Я был поражен. Помню, я тогда посмотрел на него – на его высокую, стройную фигуру атлета, на его по-прежнему густые и блестящие черные волосы, на его прекрасные живые глаза, совсем не похожие на глаза шестидесятидевятилетнего старика, – и подумал: «Браво! Снимаю шляпу». У моего отца первый инфаркт был в сорок девять лет. Я надеялся, что в свои шестьдесят девять лет я буду еще достаточно живым и бодрым, чтобы сожалеть о том, что у меня «не стоит».
Мы оба – и я, и Дэйв – имели склонность к сексуализации большинства явлений жизни. Мне лучше удавалось сдерживать себя, и я давно уже научился не допускать того, чтобы секс доминировал в моей жизни. К тому же я не разделял страсти Дэйва к секретности. У меня много друзей, включая мою жену, с которыми я делюсь всем.
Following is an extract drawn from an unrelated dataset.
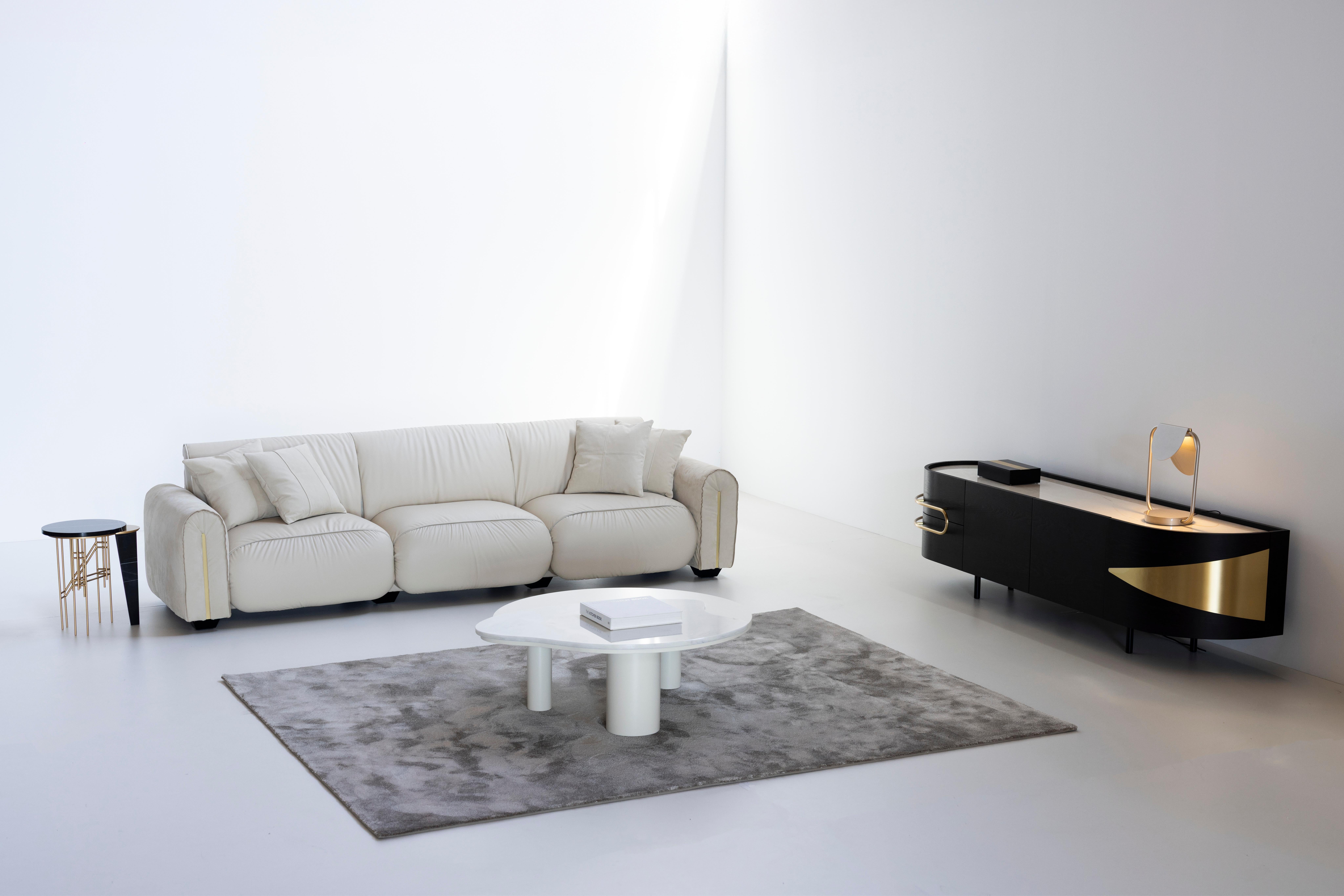 Mid-Century Modern Beijinho Sofa, Beige Nubukleder, Handgefertigt von Greenapple im Angebot 5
Вернемся к письмам. Что я должен был делать? Нужно ли было хранить письма Дэйва? Почему бы и нет? Разве его просьба – не благоприятный знак того, что он готов доверять мне? Он никогда не мог по-настоящему никому довериться, особенно мужчине. Хотя явной причиной его обращения ко мне была импотенция, я чувствовал, что подлинной задачей терапии было улучшить его отношение к людям. Открытые, доверительные отношения являются Предпосылкой любой терапии, а в случае Дэйва они могли быть решающим фактором для преодоления его болезненной склонности к секретам. Хранение писем протянуло бы между нами нить Доверия.
Возможно, письма могли бы дать мне дополнительное преимущество. Я никогда не чувствовал, что Дэйву комфортно во время терапии. Он хорошо работал над проблемой своей импотенции. Моя тактика заключалась в том, чтобы сосредоточиться на неблагополучии его брака и объяснить, что импотенция – естественное следствие взаимного раздражения и подозрительности в отношениях. Дэйв, который был женат недавно (в четвертый раз), описывал свою нынешнюю семейную жизнь так же, как и все свои предыдущие браки: он чувствовал себя заключенным, а его жена была тюремщиком: подслушивала его телефонные разговоры, читала его почту и личные бумаги. Я помог ему осознать, что если он и был заключенным, то по своей собственной вине. Конечно, жена Дэйва пыталась получить о нем информацию. Конечно, ей были любопытны его деятельность и переписка. Но он сам разжигал ее любопытство, отказываясь поделиться с ней даже ничтожными крохами информации о своей жизни.
Дэйв хорошо воспринял этот подход и сделал существенные попытки раскрыть перед женой, свою жизнь и свой внутренний мир. Его действия разбили порочный круг, жена смягчилась, его собственный гнев уменьшился, а сексуальные способности улучшились.